The Formation of Various Cross Linkages in Wool and Their Effect on the Supercontraction Properties of the Fibers

Abstract

Various solvent systems have been investigated for obtaining maximum alkylation of cysteine residues in reduced wool to dimethylene-S,S'-dicysteine residue. These and related amino acid residues were determined in wool hydrolyzates by means of an automatic amino acid analyzer. Cystine residues in wool were converted to both lanthionine and lysinoalanine residues by treating the wool with potassium carbonate solutions, whereas treatment with potassium cyanide solutions produced lanthionine resi dues without forming significant amounts of lysinoalanine residues in the wool. On a molar basis, lanthionine and dimethylene-S,S'-dicysteine residues had similar restrictive effects on the extent of total supercontraction in 8M LiBr, whereas one lysinoalanine residue was equivalent to about five lanthionine residues in its effect on the extent of supercontraction. The conversion of cystine to lanthionine or dimethylene-S-S'-dicysteine residues retarded the first stage of supercontraction in 4 M LiBr at pH 8.3, whereas in 6 M LiBr, only the second stage of supercontraction was retarded.
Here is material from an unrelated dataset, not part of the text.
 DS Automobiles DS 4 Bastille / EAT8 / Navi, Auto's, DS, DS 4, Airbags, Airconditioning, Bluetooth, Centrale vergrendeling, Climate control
Similarly, the addition of free bromine to the lithium bromide solutions retarded the first stage of supercontraction of unmodified wool fibers in 4 M LiBr but did not affect the initial rate of contraction in 6 M LiBr. It is suggested that the matrix protein molecules are unfolded in 6M LiBr, thereby obviating the need for thiol-disulfide interchange reactions in the deformation of the matrix which must accompany the contraction of the micro- fibrils. The presence of lanthionine or dimethylene-S,S'-dicysteine residues in the wool did not decrease the rate or extent of supercontraction in 4 M LiBr-N HCl at 98.5°C.